Minimum Spanning Tree
Prim's Algorithm: Greedy, starts from a vertex and expands by always adding the minimum weight edge connecting the MST to a non-MST vertex. O(E log V) with binary heap.
Kruskal's Algorithm: Sort all edges by weight; add the next smallest edge if it doesn't form a cycle (use Union-Find to check). O(E log E).
Both produce the same MST (or one of the MSTs if edge weights are equal).
Key property: MST contains exactly V-1 edges for a graph with V vertices.
Part 4: Dynamic Programming
DP is the most conceptually rich algorithms topic in GATE. Questions require identifying subproblems, writing recurrences, and computing optimal values.
Key DP Problems
Longest Common Subsequence (LCS): LCS(i,j) = LCS(i-1, j-1) + 1 if s1[i] == s2[j] = max(LCS(i-1,j), LCS(i,j-1)) otherwise
0/1 Knapsack: dp[i][w] = max(dp[i-1][w], value[i] + dp[i-1][w-weight[i]]) if weight[i] ≤ w = dp[i-1][w] otherwise
Matrix Chain Multiplication: Find the minimum number of scalar multiplications needed to compute a chain of matrix products. Classic DP with O(n³) time.

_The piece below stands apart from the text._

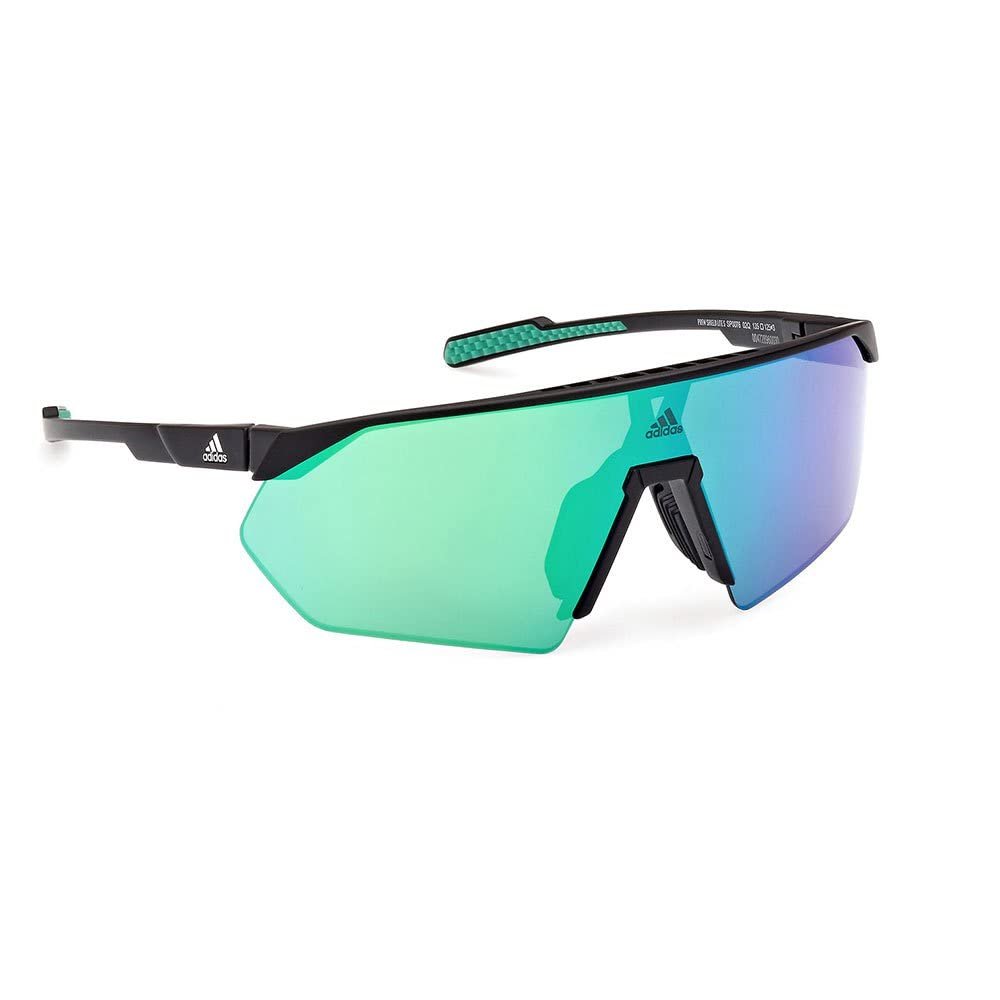 Сонцезахисні Окуляри adidas Sport SP0076 Жіночі Спортивні Легкі Маска Зелені Лінзи Матовий Чорний, фото №7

GATE approach: When you see a DP problem, identify: What are the subproblems? What's the recurrence? What's the base case? Then trace the table for the given input.
Part 5: Greedy Algorithms
Greedy algorithms make locally optimal choices at each step. Not all problems have greedy solutions — only those with the greedy choice property and optimal substructure.
Activity Selection: Choose maximum non-overlapping activities by always selecting the one that finishes earliest.
Huffman Coding: Build an optimal prefix-free binary code tree by repeatedly combining the two lowest-frequency symbols. Creates variable-length codes where more frequent symbols have shorter codes.
Fractional Knapsack: Unlike 0/1 Knapsack (which needs DP), fractional knapsack has a greedy solution: sort by value/weight ratio and fill greedily.